The difference between the informal and the formal property sector is something the COCT is sensitive to as it tries to assist the sector to enter the formal economy.

The COCT is juggling many questions, says David Gardner, the team leader of the Programme Management Unit of the City of Cape Town’s Small Scale Rental Unit Mayoral Priority Programme.

For instance, “how do we change from regulating micro-developers out of existence to instead, guiding and assisting them through levels of public support so that the sector can become a formal housing submarket that develops housing on scale and assist to fill the gap?”

David Gardner, the team leader of the Programme Management Unit of the City of Cape Town’s Small Scale Rental Unit Mayoral Priority Programme

The developers need support as they are addressing some of the fundamental challenges facing the City of Cape Town, including rapid urbanisation, a shortage of affordable housing and poor economic growth, he says.

It is indeed a pivotal moment requiring a mind shift for both the micro-developers who are informal, in some instances, not regulated and, at times, non-compliant and the COCT which has been a by-the-book regulator.

Deputy Mayor Eddie Andrews says: “It is a big learning curve for all – the government is learning not to be a regulator but a supporter. There has been a huge realisation in the past 10 years that this is a viable system to provide decent affordable rental accommodation and create the most viable business echelon in the country.”

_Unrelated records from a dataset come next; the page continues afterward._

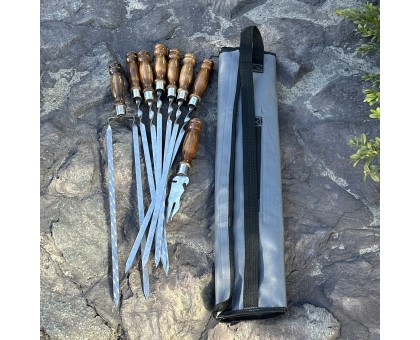 Набір шампурів Арго: 6+1+1 з дерев'яними ручками, сірий чохол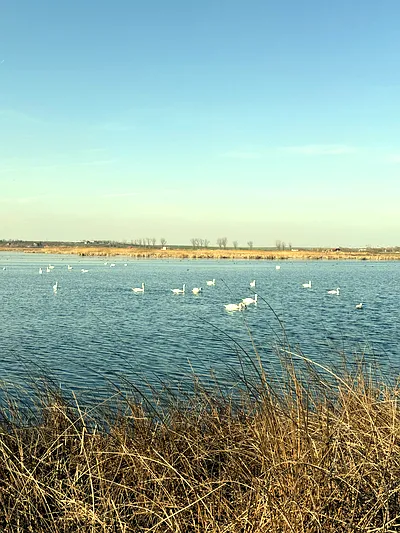 Comana: Aventură și Istorie în Delta Neajlovului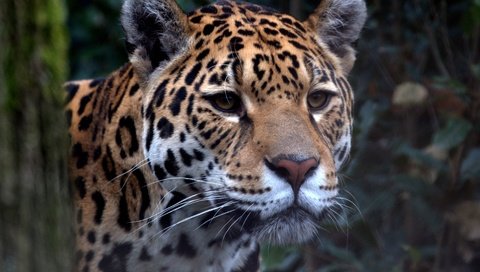 Обои взгляд, хищник, ягуар, зоопарк, большой кошка, look, predator, jaguar, zoo, big cat разрешение 4357x2906 Загрузить
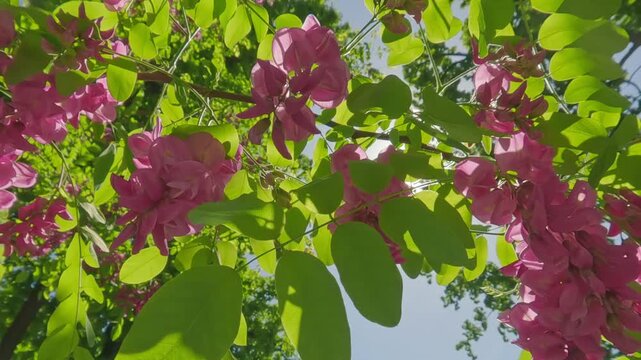 Close-up of many inflorescences with dark pink flowers of blooming Rose Acacia or Bristly Locust (Robinia hispida) backlit by the sun, view from below, panorama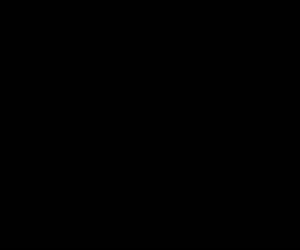Cam huset 2014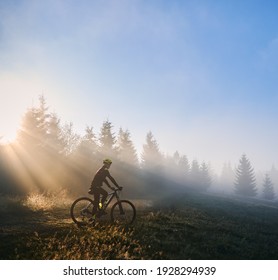 Silhouette of man in cycling suit riding bicycle near forest illuminated by morning sunlight. Male bicyclist cycling down grassy hill in the morning. Concept of sport, bicycling and active leisure.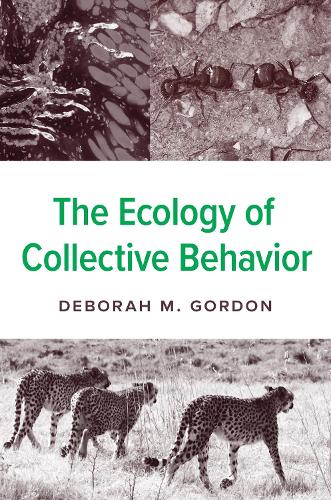 Бумажная книга «The Ecology of Collective Behavior», автор Дебора М. Гордон - фото №1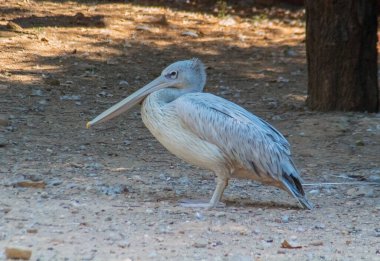 Pembe sırtlı Pelikan, Doğal Yaşam Alanlarında Zarif Kuşlar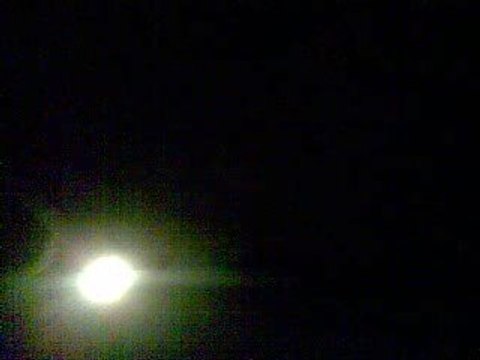 baron black reggae sun ska 2009 camping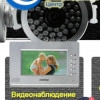 Исполнитель №34397, стаж 10 лет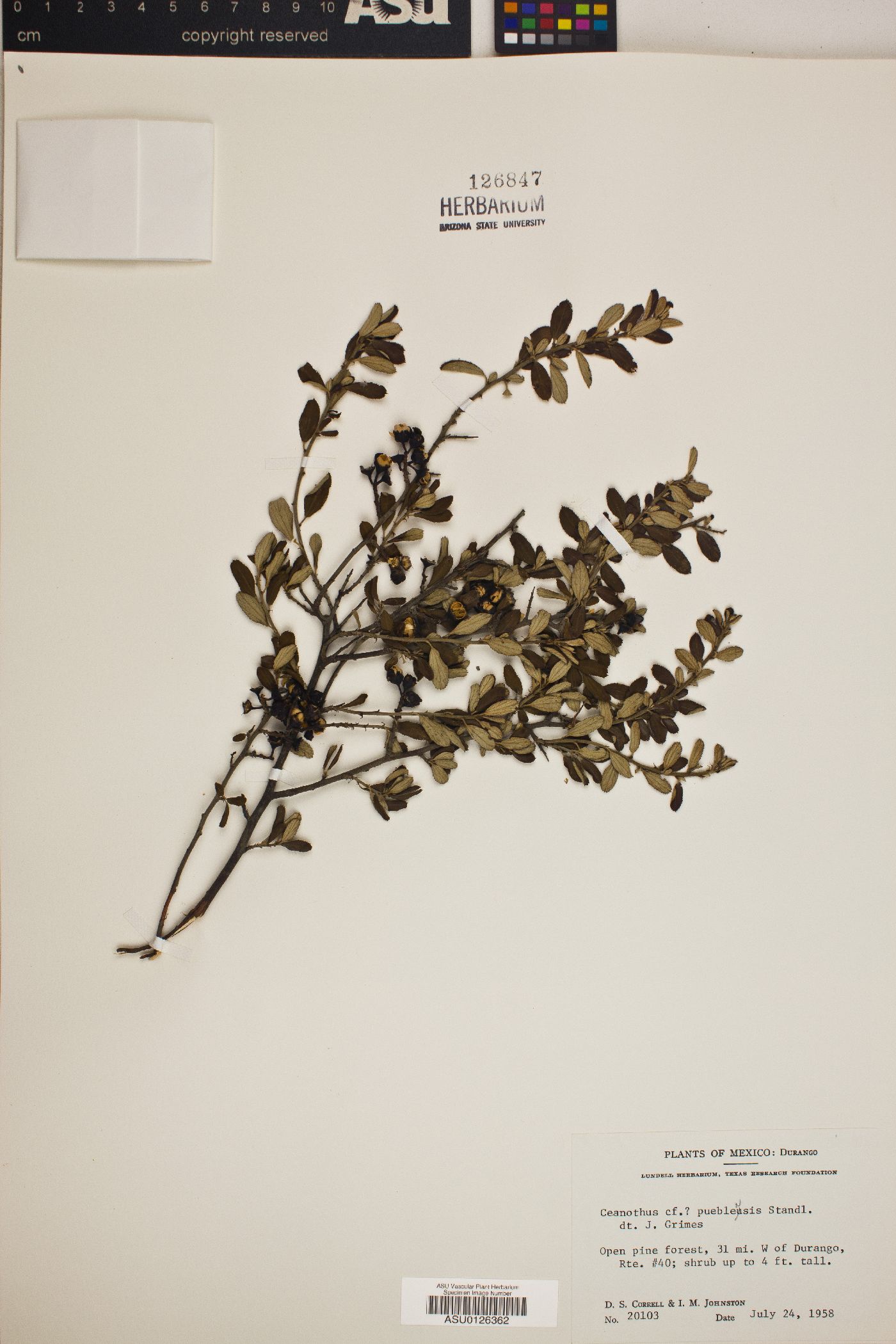 Ceanothus depressus image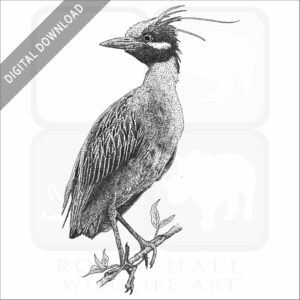 Yellow-Crowned Night Heron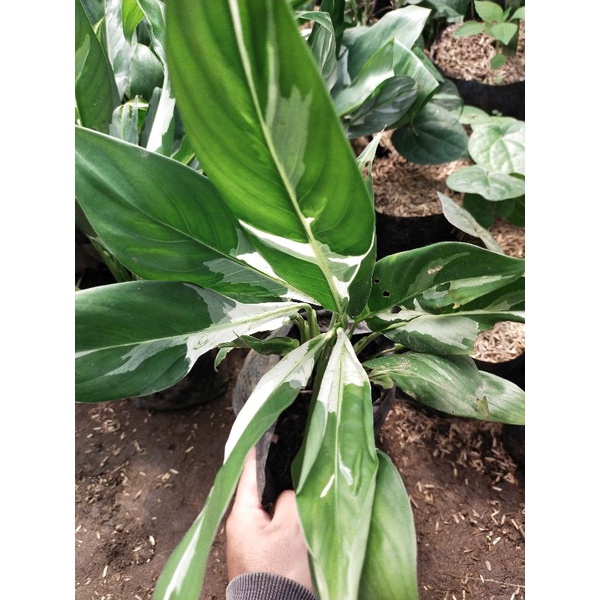 TANAMAN HIAS SEPATU FILUM VARIGATA /PEACH LILY VARIGATA PUTIH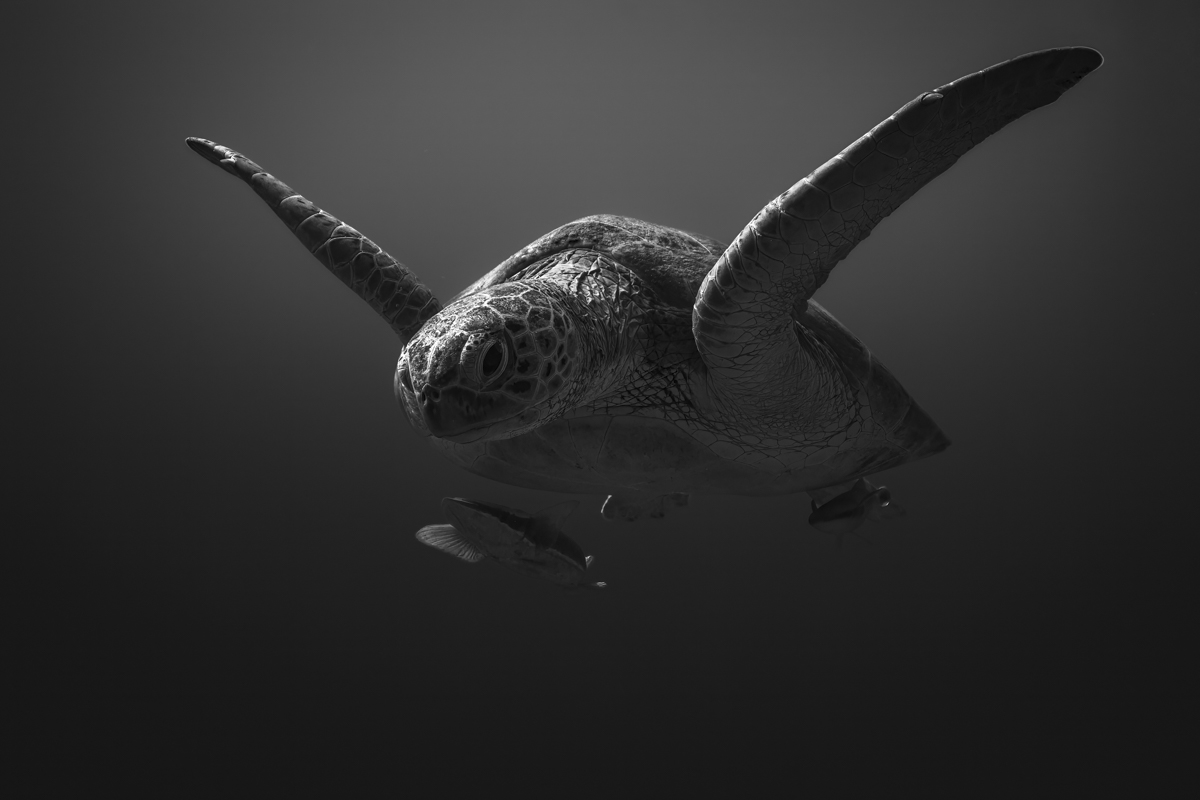 Whispers of the Depths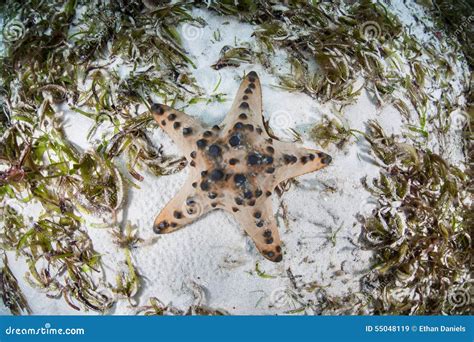 Chocolate Chip Starfish in Seagrass Meadow Stock Image - Image of ...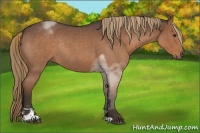 Horse Color:Liver Red Roan Sabino Rabicano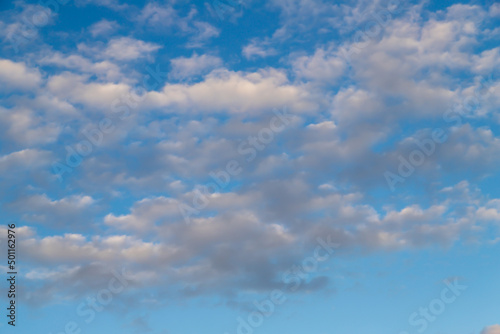 Fototapeta Naklejka Na Ścianę i Meble -  White cumulus clouds on a clear blue sky.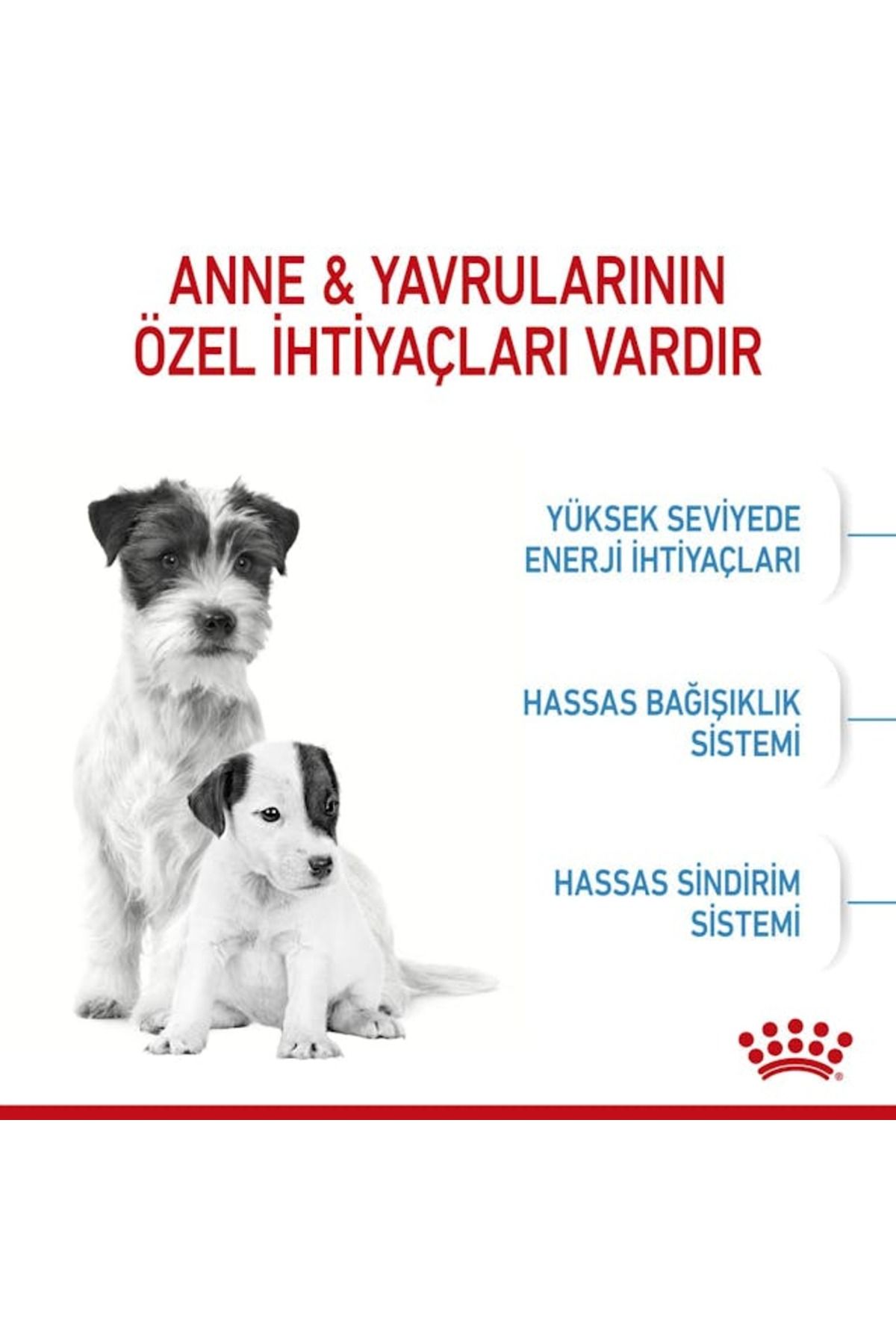 Dog Shn Mini Starter Mother/babydog Köpek Maması 4 Kg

So important is the sector that the COCT recently made small-scale affordable rental a Mayoral Priority Programme and the mayor, Geordin Hill-Lewis, is often seen in the areas, visiting and talking to the micro-developers.

Deputy Mayor Eddie Andrews, with micro-developer and owner, Zandile Nakani, Geordin Hill-Lewis, Executive Mayor of Cape Town and uMastandi Nomfundo Molemohi, Portfolio Manager during a walk-about last week looking at micro-developments in Eersterivier. Photographer Ayanda Ndamane / Independent Newspapers

Gardner says: “People are creating income opportunities. There are levels to regulations and we need to consider what those levels will be in these areas.”

It is true; the city is thinking more laterally and working hard to change the approach towards the market, including ensuring municipal by-laws are relevant.

The results of 10 different work streams within the City, which are working on how to better support and guide the market into an important housing deliverer and city shaper, are being finalised and will be implemented as early as next year.

To ease the path from non-compliance to compliance, something the DAG is striving towards for the sector, the COCT has been amending municipal by-laws to better accommodate micro-developers. A notable development is the implementation of a R20 million subsidy fund to assist developers in paying development charges, a significant financial barrier.

The COCT will introduce prototypical plans for developers once the municipal planning bylaw changes come into effect. The plans, vetted by various city departments, will streamline the approval process, significantly reducing the time and bureaucratic hurdles traditionally involved.

The City recognises the power of the sector to deliver housing and densify and also takes note of its duty to ensure property developments don’t infringe on other’s property rights, health and safety.

One thing is for sure: the informal sector is thriving.